Quando Pero Vaz de Caminha registrou, no ano de 1500, a chegada dos portugueses ao Brasil, escreveu uma crônica que mais tarde se transformaria em documento, uma espécie de certidão de nascimento do país: a famosa “carta de Caminha”, dando contas da nova terra descoberta. Nos séculos XVI e XVII e até meados do século XVIII, convencionou-se classificar qualquer relato como crônica (cronos), impingindo ênfase ao conceito de tempo.

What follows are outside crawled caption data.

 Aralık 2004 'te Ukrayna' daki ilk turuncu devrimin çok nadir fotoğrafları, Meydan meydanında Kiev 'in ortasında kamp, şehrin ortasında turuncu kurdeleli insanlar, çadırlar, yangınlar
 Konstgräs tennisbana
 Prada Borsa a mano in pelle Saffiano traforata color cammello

A crônica, que nasceu com o relato de fatos, viagens e  descobertas, tem sua origem moderna no jornalismo. Ela ocupa um espaço importante no cotidiano urbano e pode encerrar informações de toda natureza, pois através dela o cronista ou comenta um estado de espírito, comenta ou descreve uma época, um fato, uma curiosidade, uma moda, enfim, aspectos do cotidiano, que muitos vezes passa despercebido ao leitor desavisado. Como uma câmera fotográfica, a crônica captura os instantâneos do dia-a-dia e os traduz em textos literários, pois o seu princípio básico é circunstancial.

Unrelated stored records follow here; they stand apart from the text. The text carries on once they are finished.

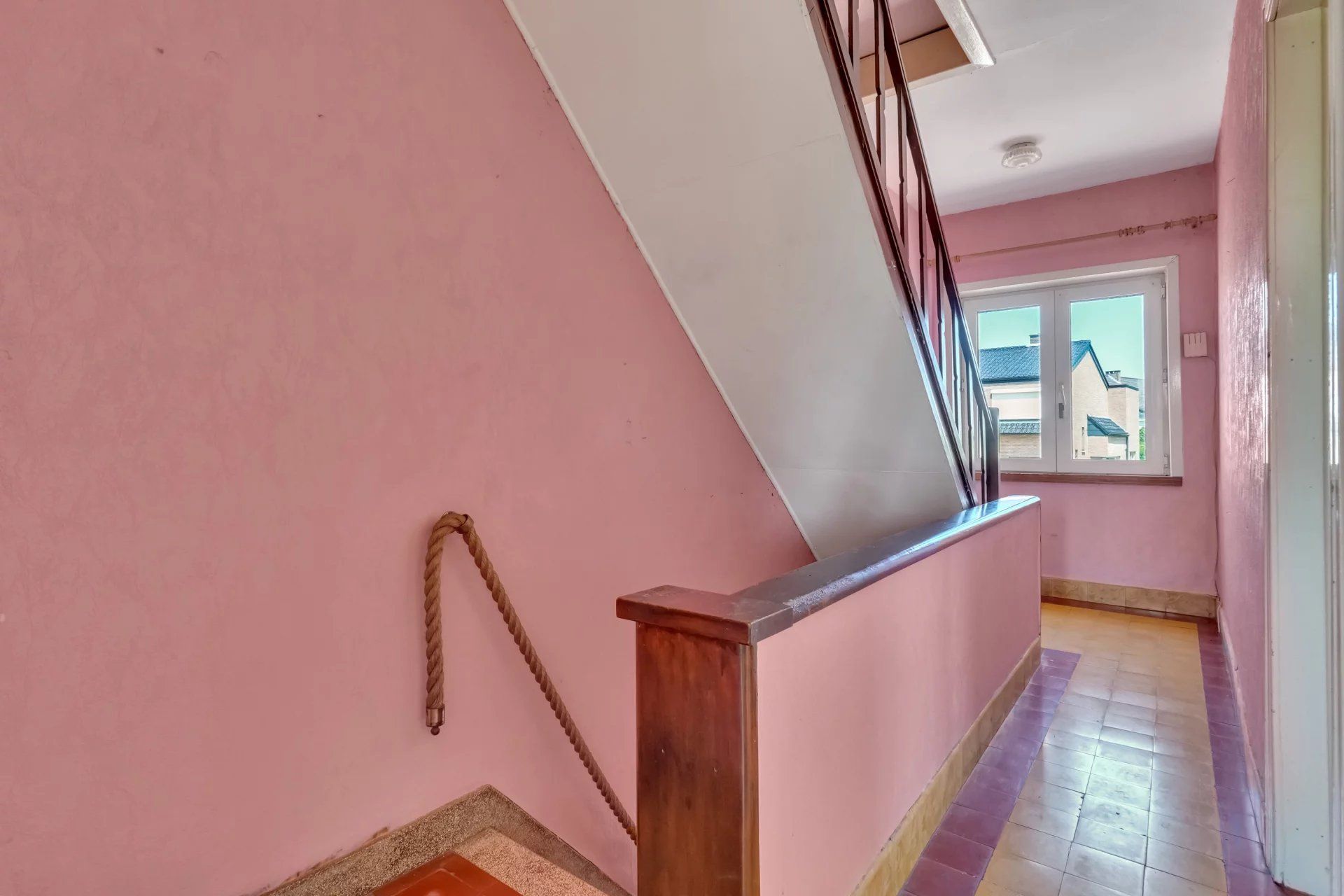 Halfopen woning foto 9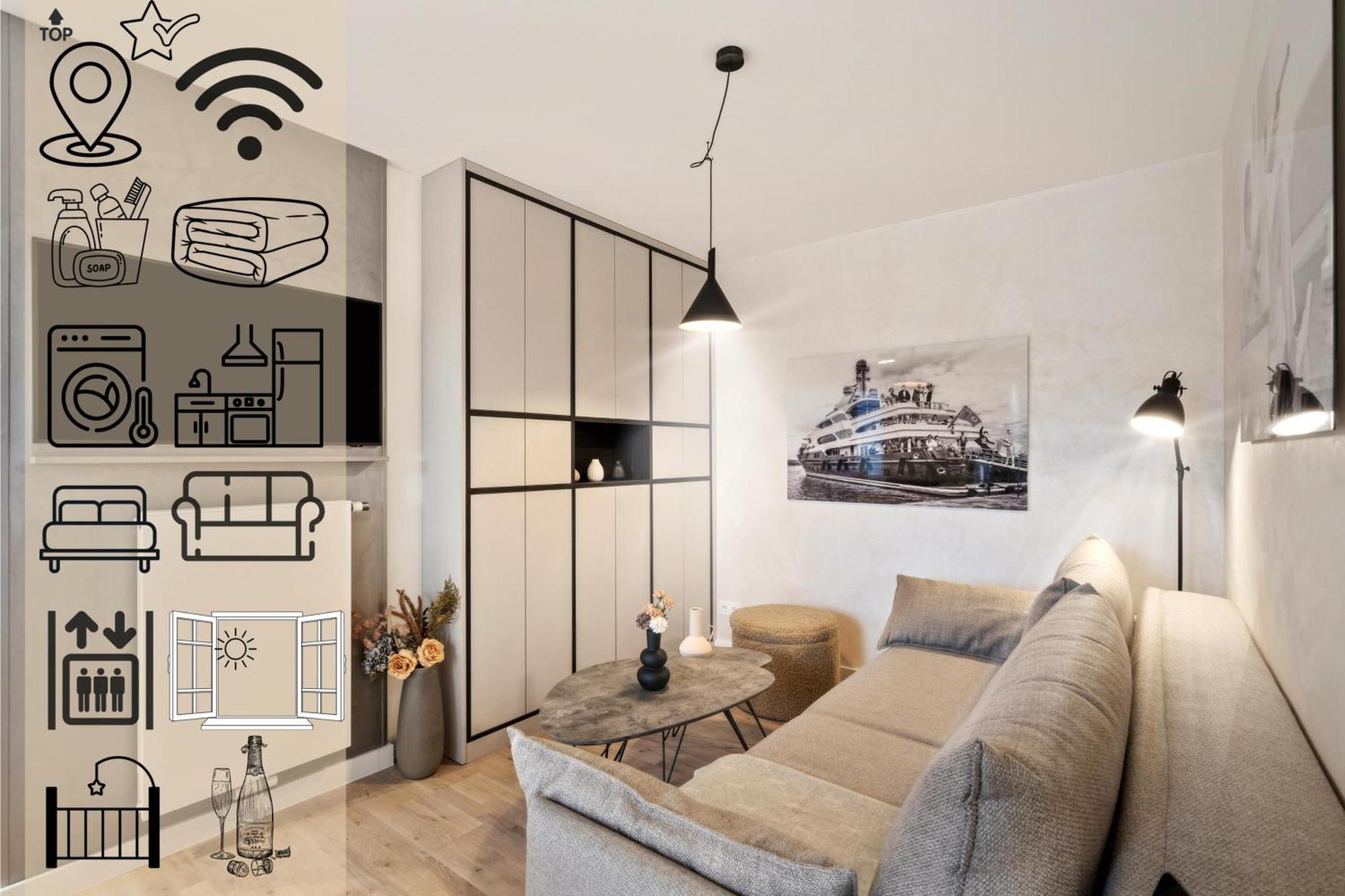 Modern Elegance In Historical City Center Трир Екстериор снимка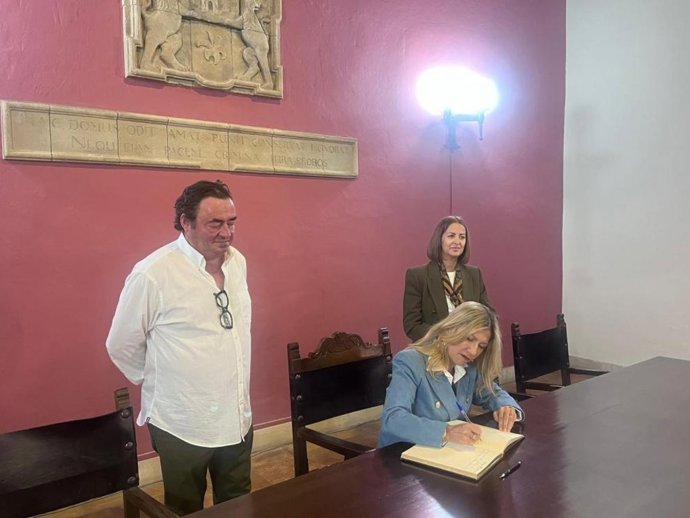 La vicepresidenta del Gobierno de Aragón, Mar Vaquero, ha visitado este sábado Cantavieja.
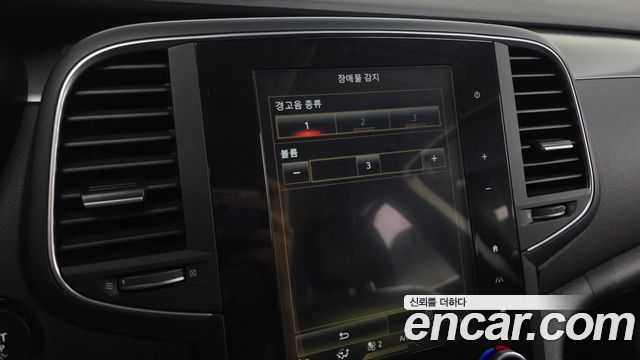 Renault Korea SM6 2.0 GDe SE 2019 — фото 32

No Brasil, a crônica ganhou status literário no século XX e teve o seu tempo áureo a partir da publicação dos suplementos culturais dos grandes jornais. Na sua primeira fase teve Carlos Drummond de Andrade e Manuel Bandeira como nomes de destaque. Posteriormente, cronistas como Nelson Rodrigues, Rubem Braga, Raquel de Queiroz, Carlos Heitor Cony, Cecília Meireles, entre outros, concorreram para fixar o gênero, hoje tão difundido.

Margarida de Souza Neves afirma que é na crônica que se observa o cotidiano, da sociedade, pois ela revela os sentimentos, as paixões de momento e tudo aquilo que permite identificar o rosto humano da história. É como se a crônica fosse a exata reprodução do instante em que ocorre o fato ou a circunstância captada pelo escritor.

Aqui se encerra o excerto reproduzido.